Resistor resembles a spring, wire is at least 5/32" thick maybe 3/16". Very much like a spring in that wire is very difficult to bend. 2 springs in series, 2 assembles paralleled. I'll make photo. Connections very good, some time ago I disassembled it,
cleaned the surfaces and used a pure copper coating when assembled.
Lift motor runs very good, always has! In fact it's too fast, I don't use it to move packages, it's prime use is rigging machinery or putting something heavy in the machines.
 
Oh, measure the voltage across the resistors when the contactors across them are closed.

I will do that to determine if the speed solenoids are working. But my concern is why a connection of a small wire is made to the terminal right side center. I see no use for a varying voltage connecting to that terminal will create.
 
I will do that to determine if the speed solenoids are working. But my concern is why a connection of a small wire is made to the terminal right side center. I see no use for a varying voltage connecting to that terminal will create.

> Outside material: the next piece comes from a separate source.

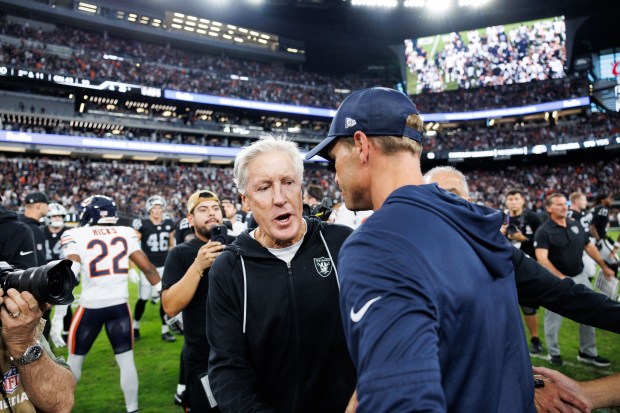 Chicago Bears head coach Ben Johnson talks with Las Vegas...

Honestly I'm only skimming this thread because I'm at work. I can look more in depth when I'm off.
 
Is the commutator OK?......clean between the bars?....solder connections (if any).....armature connections are sometimes welded in high current motors,but can break.....Weak motr pulling high amps may be a grounded/shorted armature winding.
 
I made voltage test at the resister today. Photo is side ways, I rotated it and it's correct on my computer but the file sent is still sideways. Wire on the left is connected to + side of battery, wire on the right is connected to the motor. Solenoids are between the wires. at low speed bottom wire measured +3.8VDC to Neg. side of battery, When High speed solenoid activated voltage went up to 12VDC.
I did not make any current measurements. I was looking at the large relay I posted photos of yesterday. I was confused at what I was seeing as I turned the speed control handle and like yesterday the truck attempted to move but didn't. Thinking I should look at the speed switch I removed the cover, marked the micro switches as to location and removed them.

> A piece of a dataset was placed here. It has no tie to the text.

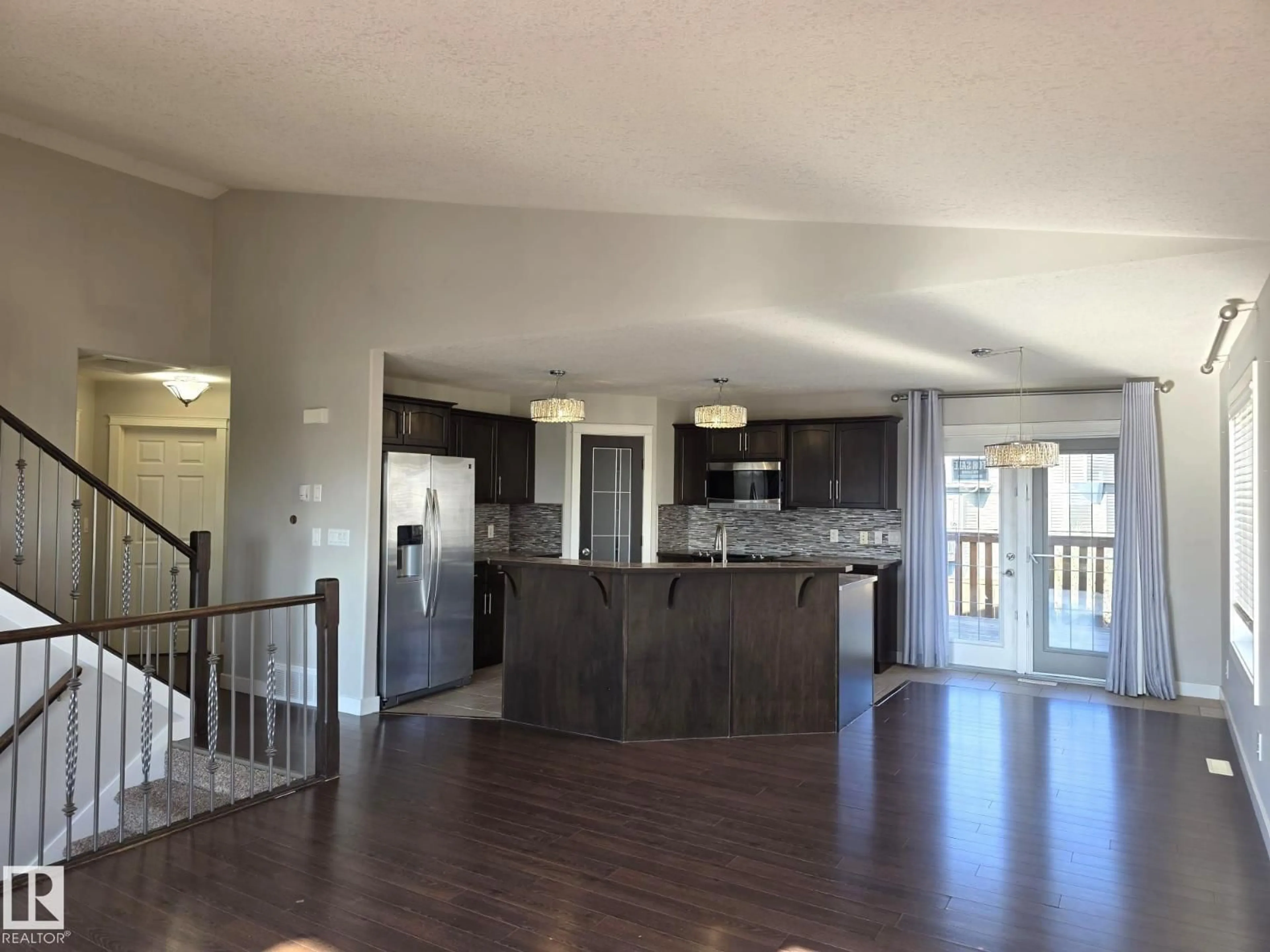 Open concept kitchen, wood/laminate floor for 4116 41 ST, Drayton Valley Alberta T7A1S2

The speed switch is a solid metal bar with about a 1" hole thru the center. A cam to push on 4 micro switches is in the 1" hole. I tried to disassemble the cam but could not figure out how to remove it. The first micro switch connected to the forward coil on the large relay is NO, as the speed handle is rotated clockwise the push rod rises but does nothing when handle is rotated Counter Clockwise. The nylon push rod was sticking. Not being able to remove the cam I used Kroil to clean the hole, push rod no longer sticks. Next micro switch is connected to reverse coil and works just like the previous except opposite direction. Shims are placed under each switch for adjustment. The 3rd switch has me scratching my head! 2 sets of contacts having both NO and NC connection. Push rod is at the top when spring holds the speed handle in the center of rotation and drops when handle is rotated! Connecting the battery, turning the speed handle, nothing happens but if I push on #3 micro switch NO contact closes and forklift will move! But if I were to install #3 micro switch cam action will not allow power to be switched to operate the motor! Problem seems to be in the switching! Tomorrow I'll remove the wires from the micro switch to determine exact operation of the switch. Seems to me someone wired the speed handle wrong! At least the forklift will now move!